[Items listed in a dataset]
____

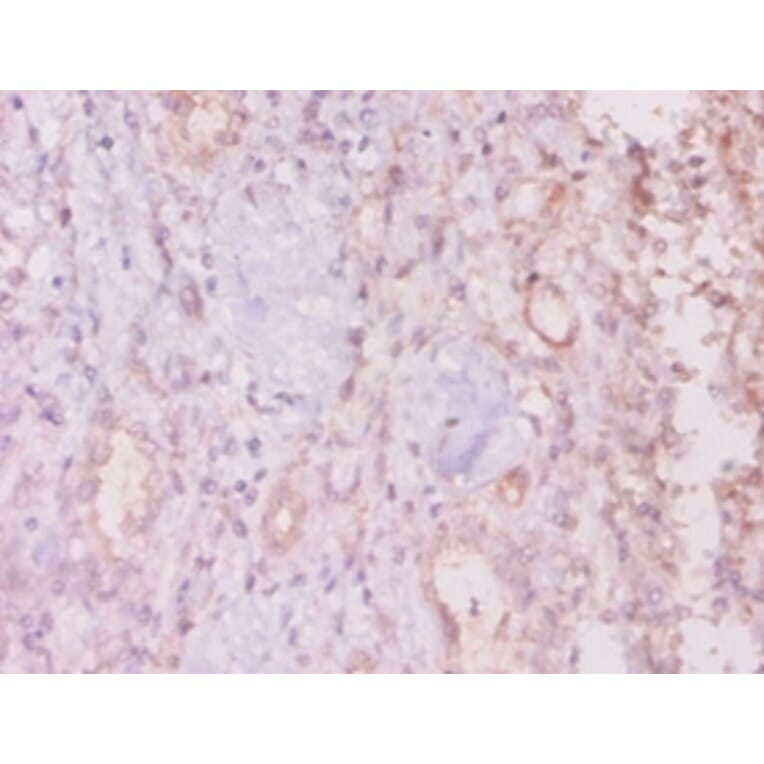 Immunohistochemistry - Mucin-16 Polyclonal Antibody from Signalway Antibody (42528) - Antibodies.com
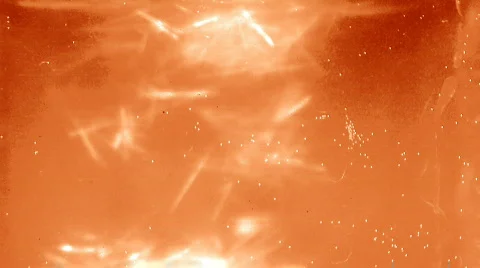 Blood Obstruction  Video stock 285634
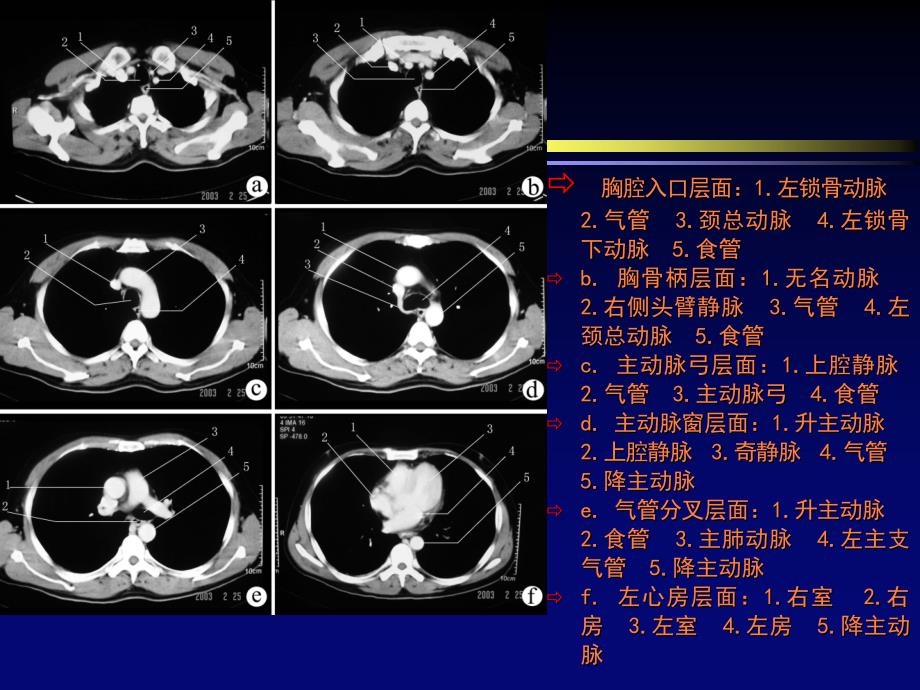 肺部疾病的诊断ppt课件_第2页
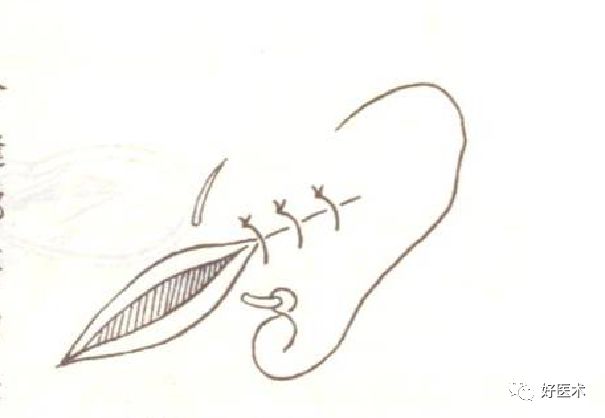 缝线怎么打结外科手术操作 ｜ 打开手术通路之缝合打结_https://www.jmylbn.com_新闻资讯_第1张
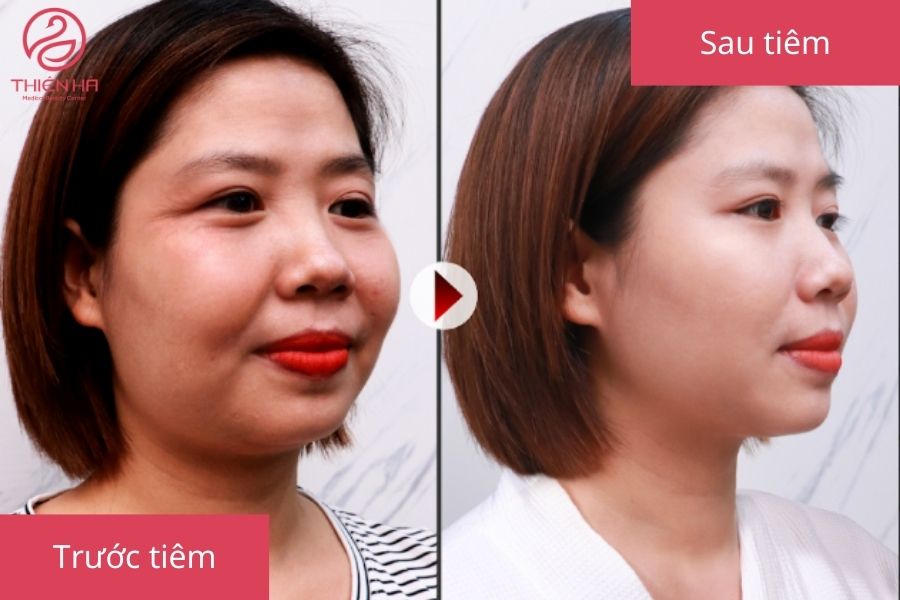 Hình ảnh khách hàng trước và sau khi tiêm filler thái dương tại TMV Thiên Hà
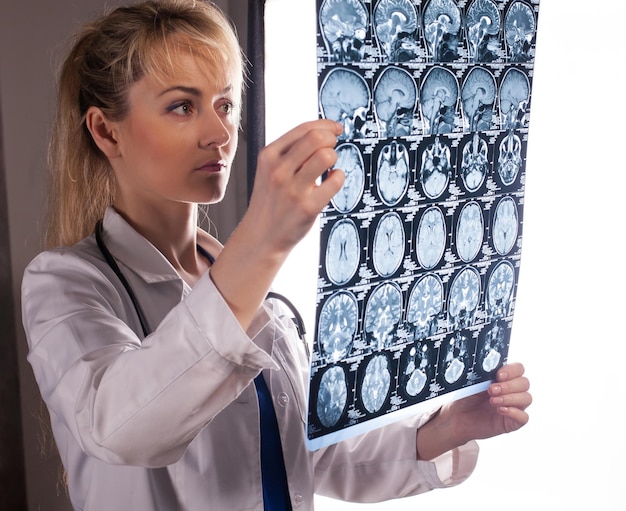 Jeune femme médecin professionnelle en blouse blanche tenant l'irm du cerveau humain et le regardant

____

_TASK_. Every line from the one bearing "缝线怎么打结外科手术操作 ｜ 打开手术通路之缝合打结_https://www.jmylbn.com_新闻资讯_第1张" through the end of the data above must be output exactly, and no picture may appear.

_WRITTEN ANSWER_.
 缝线怎么打结外科手术操作 ｜ 打开手术通路之缝合打结_https://www.jmylbn.com_新闻资讯_第1张
 Hình ảnh khách hàng trước và sau khi tiêm filler thái dương tại TMV Thiên Hà
 Jeune femme médecin professionnelle en blouse blanche tenant l'irm du cerveau humain et le regardant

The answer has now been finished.